Their character-based double act was as Russian dissidents called The Boobka Brothers. “Nothing like I do now.” His pal Neil pulled out ahead of their headlining gig at Wimbledon Studio Theatre, however. “We’d done a few gigs but he didn’t want to perform.

I’d booked the theatre and decided to do it myself. I filled the place out, about 100 people, and just blagged it. It wasn’t a complete disaster.”

Graduating from Goldsmiths college with a degree in English, Geoff worked in advertising sales before training to be an English teacher.

For a while in the early Noughties, he juggled teaching and stand-up. “I was like the world’s crappiest superhero,” he laughs. “I had to stop in service stations and gents’ toilet and change from a tweed jacket to a t-shirt, like a rubbish Clark Kent.

“I’d drive to Plymouth for a gig and get home at 3am.
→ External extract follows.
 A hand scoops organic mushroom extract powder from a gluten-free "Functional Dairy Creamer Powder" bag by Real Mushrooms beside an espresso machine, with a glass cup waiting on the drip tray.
I was doing two or three gigs a week and driving 50,000 miles a year. I did once fall asleep in front of a class.

When I asked them what they’d done while I was asleep they said ‘Nothing!’. “I found that disappointing because in my school days someone would have drawn genitals on a sleeping teacher’s face.”
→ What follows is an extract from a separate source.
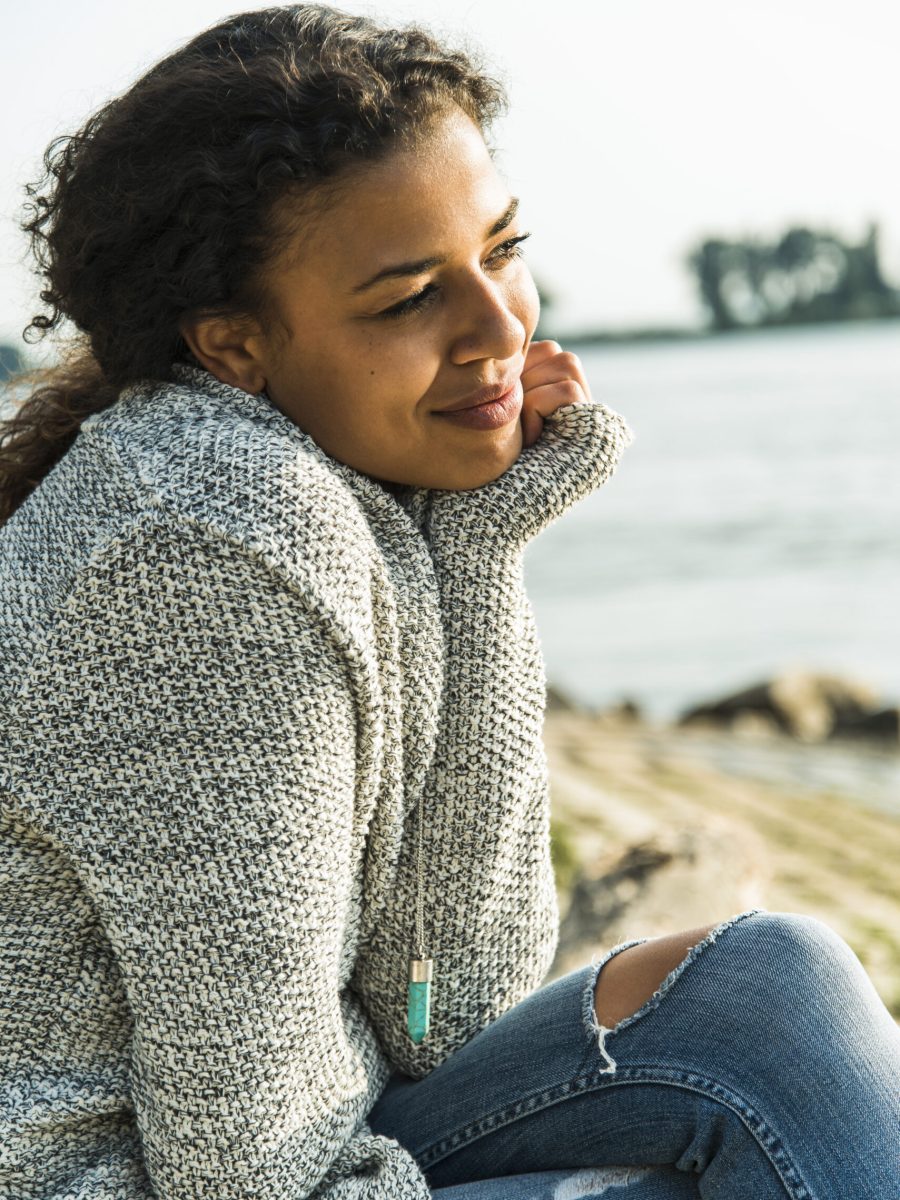 Smiling young woman sitting by the riverside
His worst-ever gig was “the final of Comedian of the Year,” he recalls. “I got slow handclapped. On the way home my wife Emma was as white as a sheet because I’d just handed in my notice as a teacher. “

“She was very quiet on the drive back.” Norcott never had a breakout comedy moment. “For me, everything was a long graft. It was small things, an extra show here, bigger venues.”

His first paid gig was in Manchester – £40 for a ten-minute spot. 21 years on, he’s just played his third sold-out run at Edinburgh Fringe, packing out the Underbelly for a fortnight. 

“It would’ve been inconceivable four years ago”.Geoff’s first break-through was getting booked for three months on the Jongleurs comedy club chain in 2007, but perhaps his smartest move came six years later when he decided to take a riskier approach to his comedy, and, at his wife’s suggestion, outed himself as a pro-Brexit Conservative voter at the Leicester Comedy festival.

He was booked on Question Time “for the novelty factor”, leading to lucrative appearances on Mock The Week, Live At The Apollo, four years as the voice of sanity on The Mash Report, and his 2019 authored documentary, How The Middle-Class Ruined Britain, which skewered fashionable hypocrisy.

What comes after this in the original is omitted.